▶ _DATA RECORDS_
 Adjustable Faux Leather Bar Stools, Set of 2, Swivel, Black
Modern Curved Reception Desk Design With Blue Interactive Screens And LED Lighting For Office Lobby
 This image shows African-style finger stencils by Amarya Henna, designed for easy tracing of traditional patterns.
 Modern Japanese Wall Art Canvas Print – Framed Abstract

---

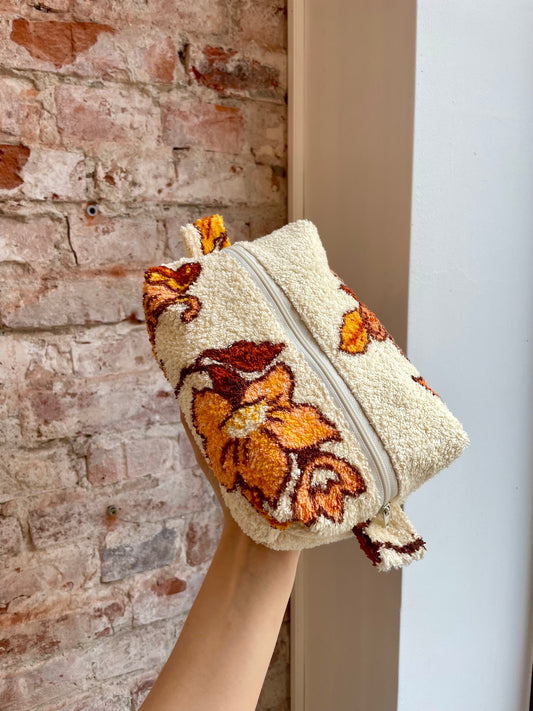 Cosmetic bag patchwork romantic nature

...

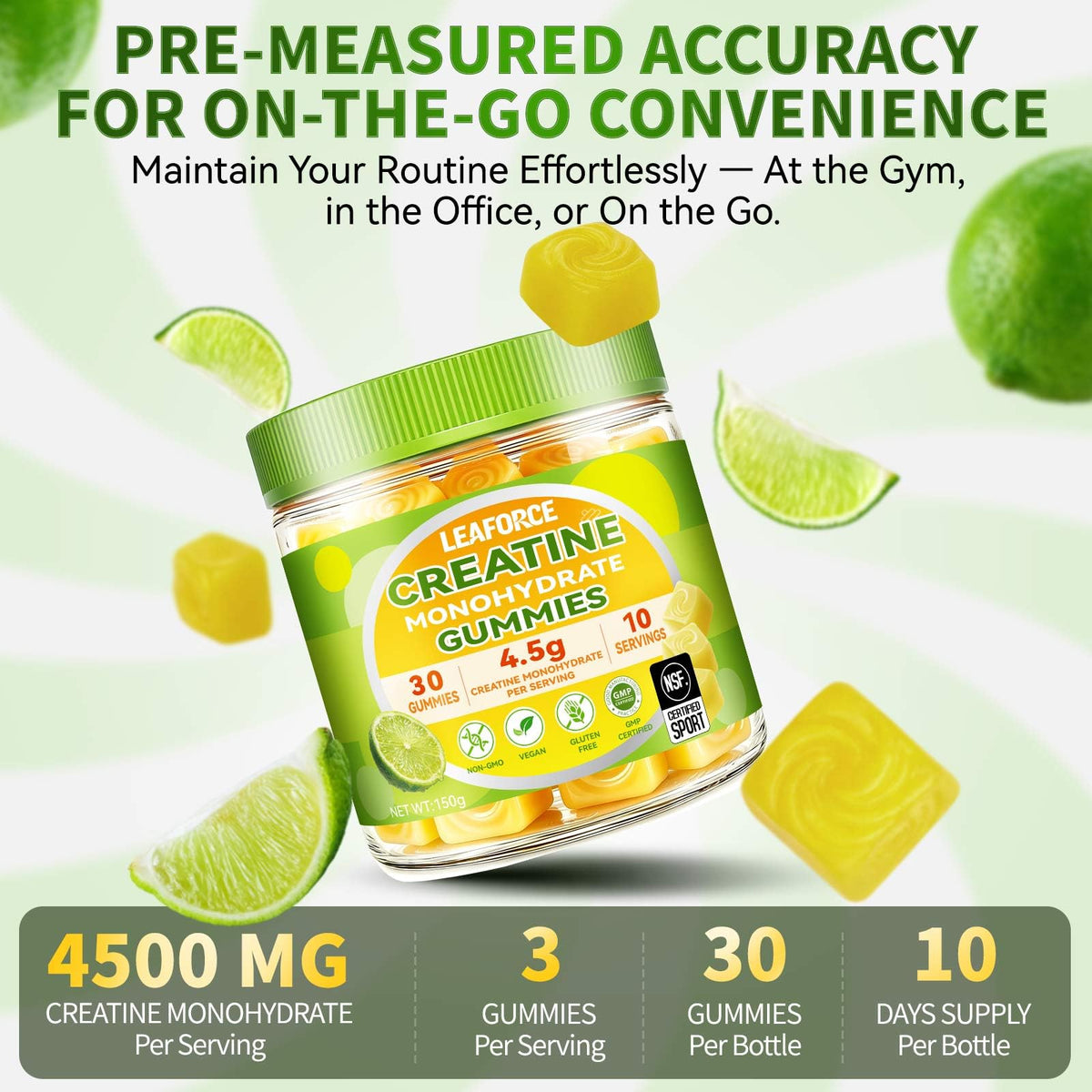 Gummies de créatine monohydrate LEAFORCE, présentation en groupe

▶ _YOUR GOAL_
From the line holding "This image shows" to the line holding "Modern Japanese Wall", inclusive, restate each line above exactly as written.

▶ _WRITTEN ANSWER_
 This image shows African-style finger stencils by Amarya Henna, designed for easy tracing of traditional patterns.
 Modern Japanese Wall Art Canvas Print – Framed Abstract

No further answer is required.